The original Scary Movie was a lively, outrageous spoof of horror flicks in general and Scream in particular. If it ran out of momentum in the last half hour, that was a reasonable price to pay for such an entertaining skewering of a genre. Scary Movie 2 tries, with minimal success, to mine the same territory, but the vein has long since been tapped out. So, instead of getting something fresh and funny, we are saddled with a turkey whose leaden desperation in trying to get us to laugh is obvious. Gone are the energy and the edgy flamboyance. Scary Movie 2 is just as crude and lewd as its predecessor, but, this time around, the "shocking" sexual and scatological humor seems prefabricated rather than spontaneous. Nearly every gross moment is too easily predicted, and predictability is the death of rapid-fire, shock comedy.
Having hacked Scream to death, Wayans (with help from seven credited screenwriters, including his brothers) sets his sights on The Haunting. This choice presents an immediate problem, since it's infinitely more difficult to lampoon a bad movie than it is a good one. The Haunting is in many ways a self-parody, making Scary Movie 2 redundant. Nevertheless, Wayans soldiers on directing the workmanlike script. The surviving characters from the first movie - pretty Cindy (Anna Faris), sexually ambivalent jock Ray (Shawn Wayans), perpetually stoned Shorty (Marlon Wayans), and perky Brenda (Regina Hall), along with a few newcomers, are brought to a haunted house for sleep deprivation experiments conducted by an unbalanced college professor (Tim Curry, who has made a career out of playing demented characters). Of course, the horny sprits inhabiting the mansion get out of control and end up chasing after Cindy, who looks just like the long-lost true love of the head honcho ghost.
To Wayans' credit, the movie isn't a complete bust. In fact, it starts out strongly with a devilishly funny parody of The Exorcist. (It really has nothing to do with the rest of the film, but who cares?) James Woods, filling in for Marlon Brando (who was unable to play the role due to illness), deadpans the part of the exorcist, who has a unique solution to the problem of a girl who is possessed. Aside from The Exorcist spoof, there are other successful bits and pieces - a cat fight (I wish the animals in Cats and Dogs showed this kind of tenacity), a scene in which the tables are turned on a bogeyman under a bed, and a brief Charlie's Angels take-off.
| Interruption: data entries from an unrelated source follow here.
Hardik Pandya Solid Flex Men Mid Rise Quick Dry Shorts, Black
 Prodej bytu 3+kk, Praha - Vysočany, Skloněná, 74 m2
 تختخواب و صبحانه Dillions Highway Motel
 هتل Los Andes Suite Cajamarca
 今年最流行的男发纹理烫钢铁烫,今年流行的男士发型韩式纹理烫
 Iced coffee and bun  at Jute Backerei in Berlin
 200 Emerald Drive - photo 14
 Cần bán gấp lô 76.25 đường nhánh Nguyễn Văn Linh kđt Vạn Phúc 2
Far less effective are other satirical vignettes, such as the lampooning of the latest round of Nike basketball commercials or the references to Hollow Man, What Lies Beneath, and other recent horror films.
Scary Movie 2 was put together in a very short time, with Dimension unwilling to delay the release date, and this may have contributed to the film's rushed, sloppy feel. The number of cameos is surprisingly lean. James Woods is one of the few recognizable faces to grace the screen, and he wasn't Wayans' first choice for the role. (I kept imagining how Brando would have played some of the scenes.)
Unfortunately, the elements of Scary Movie 2 that work are dwarfed by those that fail. The picture is characterized by long laugh-less stretches - death to a film virtually devoid of plot and characterization. As was true of Airplane and The Naked Gun, Scary Movie was a one-shot deal. It can not effectively be reconstituted or appended to. Like Blair Witch 2, this sequel bears the obvious stench of crass commercialism ungilded by pious mouthings of a "creative vision." Once the well is dry, further attempts to bring up water yield only mud. One needs look no further than Scary Movie 2 to see the truth of that statement.